*DATA IN THIS EXERCISE:*
%%
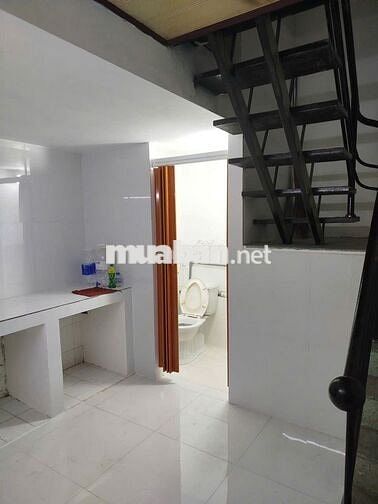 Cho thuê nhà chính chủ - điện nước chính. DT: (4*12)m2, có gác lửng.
%%
%%
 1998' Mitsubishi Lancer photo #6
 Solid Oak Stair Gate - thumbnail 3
%%
*TASK INSTRUCTIONS:*
Take the entries above and return only the lines from the one with "1998' Mitsubishi Lancer photo #6" to the one with "Solid Oak Stair Gate - thumbnail 3", both included, unchanged.

*THE ANSWER:*
 1998' Mitsubishi Lancer photo #6
 Solid Oak Stair Gate - thumbnail 3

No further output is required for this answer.